§ What you will do
Please reproduce the entries below exactly from the line with "Rooms to Go" through their last line, leaving out any pictures.

--------------------

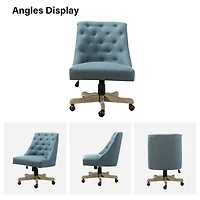 Blue Upholstered Jovita Office Chair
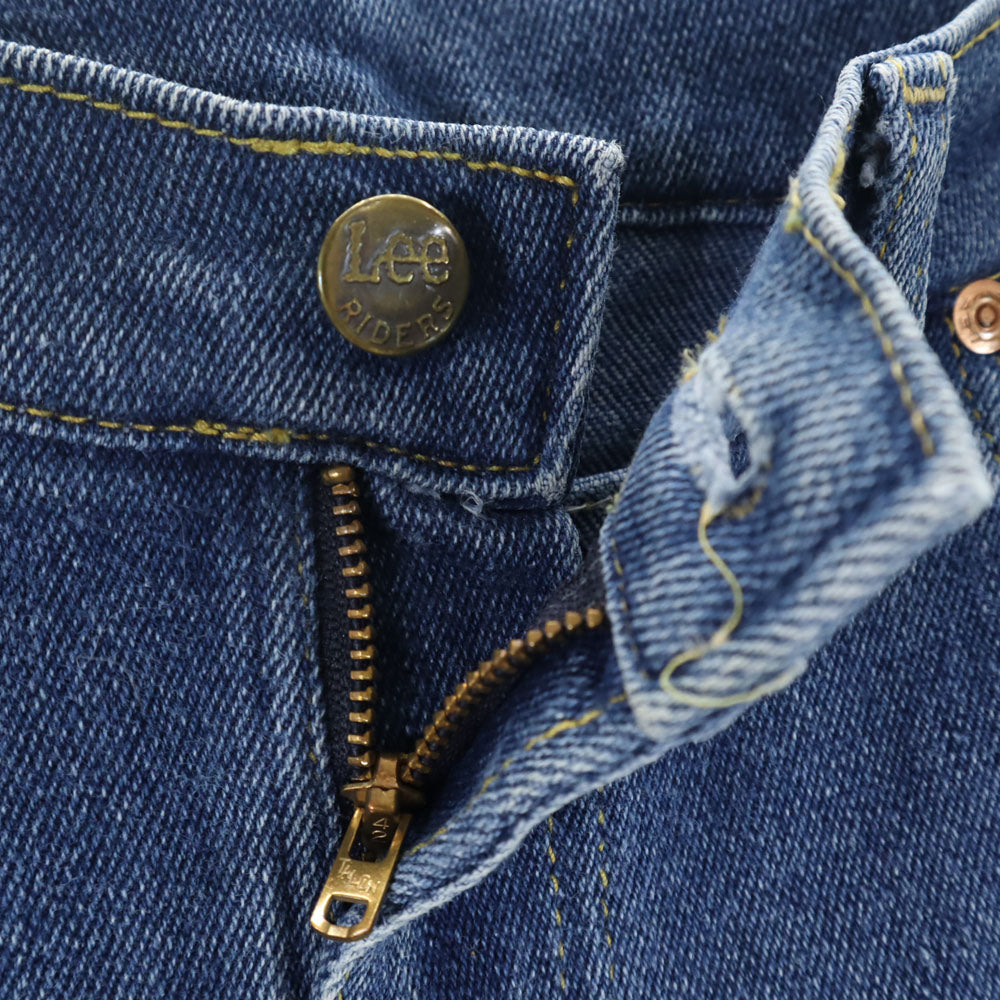 Lee リー 80s USA製 42タロン ヴィンテージ ストレートデニムパンツ ウォッシュブルー ジーンズ レディース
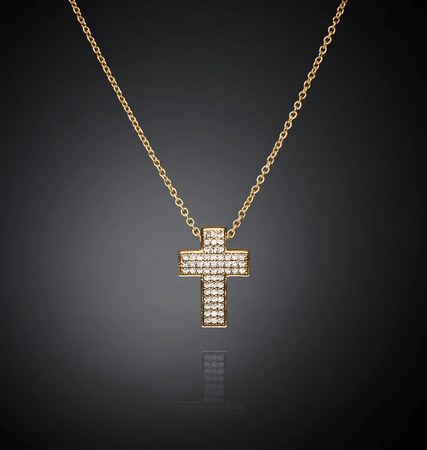 CHIARA FERRAGNI - COLLANA PENDENTE SQUARED CROSS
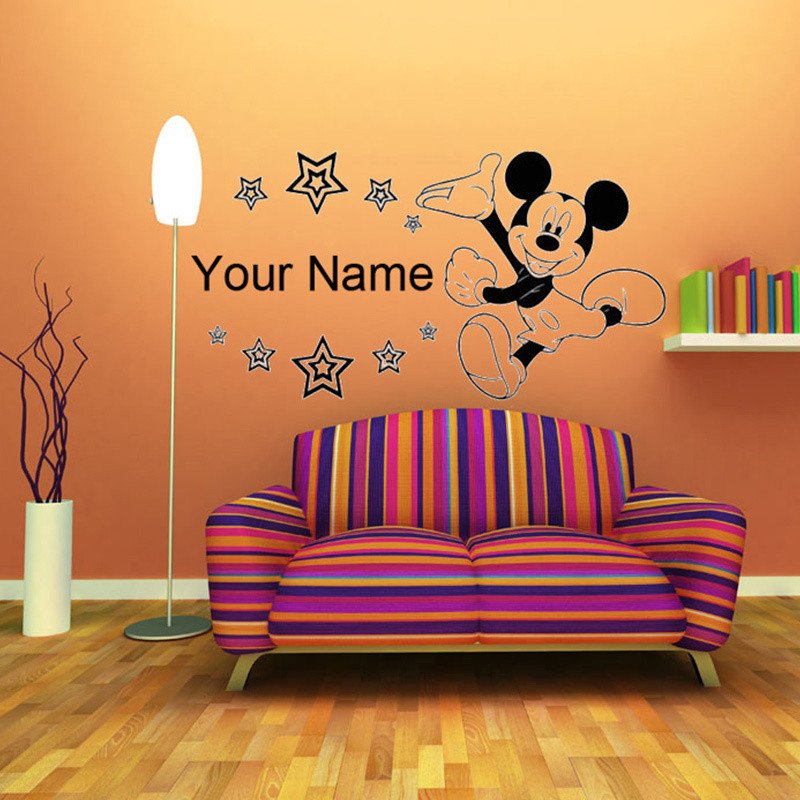 Rooms to Go Wall Decor Awesome Personalised Name with Stars Boys Wall Art Pegatina Wall Sticker Kids Rooms Decor Size 90x45cm
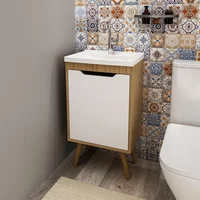 Mueble de Baño con Lavamanos Nexo - Almendra/blanco
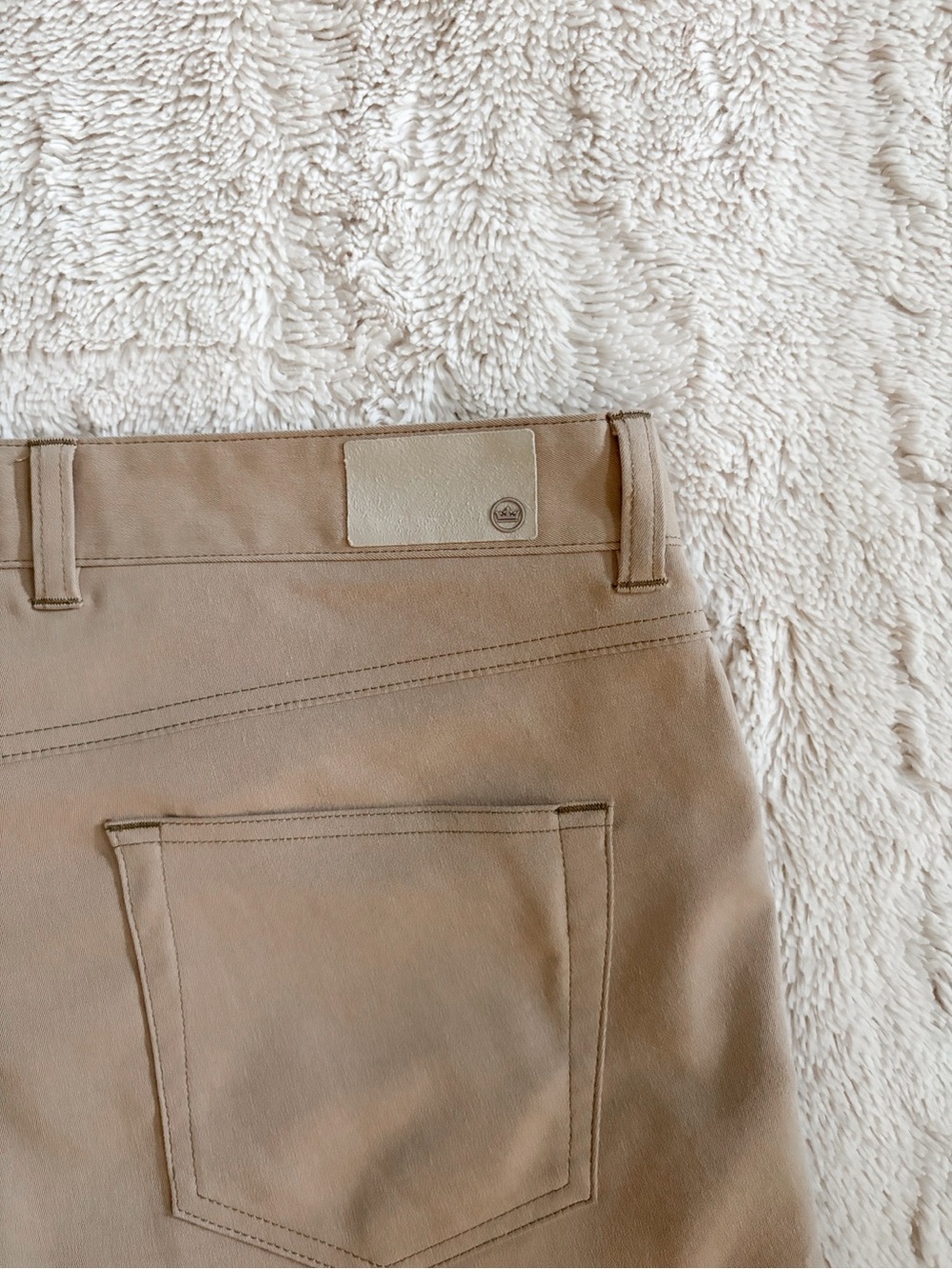 Peter Millar Tan Performance 5 Pocket Pants Men’s 36x30 Stretch Golf Casual - Picture 4 of 4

--------------------

§ Reply to the exercise
 Rooms to Go Wall Decor Awesome Personalised Name with Stars Boys Wall Art Pegatina Wall Sticker Kids Rooms Decor Size 90x45cm
 Mueble de Baño con Lavamanos Nexo - Almendra/blanco
 Peter Millar Tan Performance 5 Pocket Pants Men’s 36x30 Stretch Golf Casual - Picture 4 of 4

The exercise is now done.